Now, I don’t agree with Carr on every aspect of each of these issues, but it is a huge agenda of substance. Carr was impatient with Department of Foreign Affairs and Trade paperwork; he hated the tedium of the speeches and often the briefing notes they prepared for him. But the diaries reveal a minister grappling with enormous policy issues.
They are laced with humour, irony, caricature and self-parody. These are dangerous commodities to trade in, here in Australia.
But inevitably some of his reflections and reports about his colleagues will command attention. Two of the strangest concern Kevin Rudd. One has Carr arguing about the Middle East with Gillard. She tells him Rudd “had kept going to Israel, driving (Prime Minister Benjamin) Netanyahu mad proposing a batty peace plan and promising to commit Australian troops to patrolling borders”.

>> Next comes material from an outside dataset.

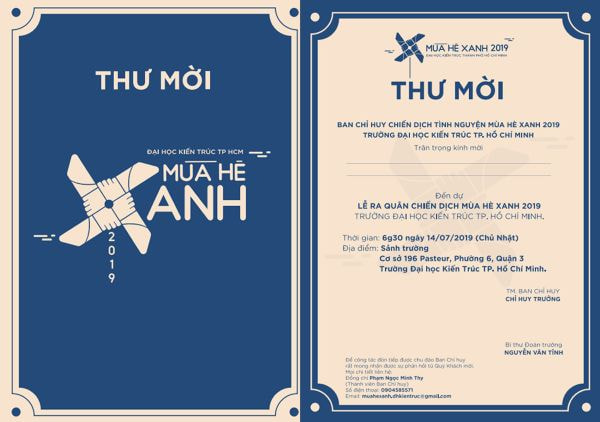 Thư Mời Tốt Nghiệp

Carr’s comment: “I quickly agreed this was nuts.’’
This all demands serious elucidation.
It reminds me of the account in Stephen Mills’s book The Hawke Years, never really contradicted, of Bob Hawke coming up with an equally batty peace plan for Saddam Hussein and Iraq and persecuting the first president Bush with many telephone calls about it. These things never make their way into prime ministerial memoirs.
Carr recounts the No 2 official at the commonwealth secretariat complaining of Rudd’s rudeness, with Rudd telling him: “If I want your opinion, I’ll ask for it.’’
He also details a number of Australian officials describing extremely aggressive body language from Rudd in encounters with Japanese and Singaporean foreign ministers. These are all quite devastating revelations for Rudd.
On Gillard, Carr is less damning at the level of personal style but makes it clear that he believed that in foreign policy, as generally, she just could not embody or project sufficient authority for the job of prime minister.
Partly because it records so many conversations at the top of international affairs, Carr’s diary is full of substance. But the workings of his own mind on Australian foreign policy are also profoundly absorbing and insightful.
Carr has a dialogue with himself, all the way through the book, about the proper balance of Australian policy between the US and China. He accepts the nearly universal Australian support for the US alliance. He accepts its contribution to Australian security. He believes in the future of the alliance, as well as its past.
But he is partly susceptible to the idea that Canberra has got a bit too close to Washington, and has perhaps needlessly distanced itself from Beijing. This is a theme handled, in my view, with great honesty and intelligence by Carr throughout the book. He has a Socratic dialogue with himself on this. Indeed, I am reminded irresistibly about a line on George Orwell in a recent biography, that he left behind not so much a body of work as a mind caught in words.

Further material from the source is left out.